For landing, the FAA book's objective is to touch down smoothly at approximately the stalling speed of the airplane. The "smoothly" part is a matter of judgment. On the other, how many pilots do you know who go for a full-stall landing in tricycle-gear airplanes every time? To verify the "not many" answer, all you have to do is go to the airport on a busy day and watch people land.

Perhaps the emphasis would better be put on having the airplane in a proper landing attitude at touchdown. That would mean, in a tricycle, having the nosewheel well clear of the runway when the main wheels touch. Full-stall landings don't work well in some of the heavier singles, and in a crosswind, a slightly higher touchdown speed means better controllability. The landing attitude is all-important, though, because touching on the nosewheel first, or on all three wheels at the same time, can lead to a porpoise. Where pilots ground loop conventional-gear airplanes with some regularity, they break nosewheels off tricycles with about the same regularity.
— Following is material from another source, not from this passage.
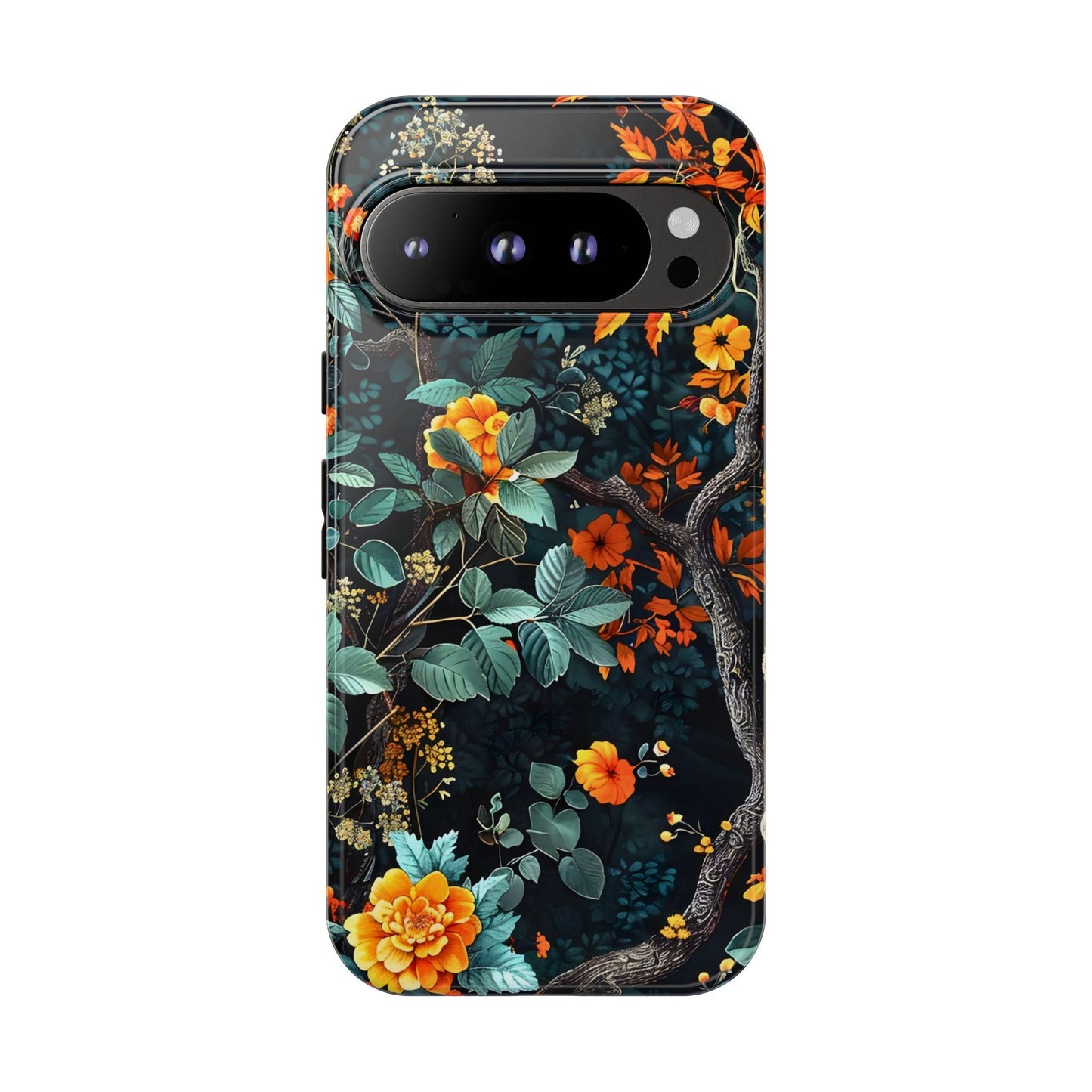 Floral Phone Case | Tough Cases, Protective Cover, Gift for Her, Autumn Vibes, Floral Phone Accessory, Unique Design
Go-arounds are given as a maneuver, and these are important, more so downstream than in training where they are practiced regularly. In the real world, we fly few if any actual go-around maneuvers. The result is a significant serious-accident problem on real live go-arounds. The message is that they should be practiced at altitude a couple of times a year in each airplane that we fly.

A recent event at Asheville, North Carolina, made me wonder about how we can hope to cover everything with objectives and standards. The airport there is surrounded by mountains, and Runway 34, on which I was landing, is uphill. I have been landing there since the airport was built, though, so I am familiar with most of the crazy things the wind does.

On final, the attitude of the airplane was correct, and the speed was close to the desired 78 knots for final. The surface wind was given as 8 knots, right down the runway. Something was not right, though, and it took me a moment or two to decide what was out of place. Then I realized that the ground was moving by very slowly. It looked more like a Cub approach than a 210 approach. The wind shear bell in my mind rang, and I started adding power just before the airplane had a big sinking spell. Soon after I landed, the surface wind kicked up to almost 30 knots to match the low-level wind aloft.

The FAA requires that a private pilot read and interpret wind shear reports, but this day, I had gotten no wind shear report. The main message here is that flying with as little risk as possible means going beyond the FAA's requirements for our flying. There are a lot of things out there just waiting for the pilot who barely passes muster.

Those books on standards are good, though, and every pilot should have the ones covering the certificates and ratings held. That way, you know the minimum that is expected of you, and you can tell on every flight whether or not you passed the check ride. They are available at airport counters, in catalogs, and from the AOPA Air Safety Foundation.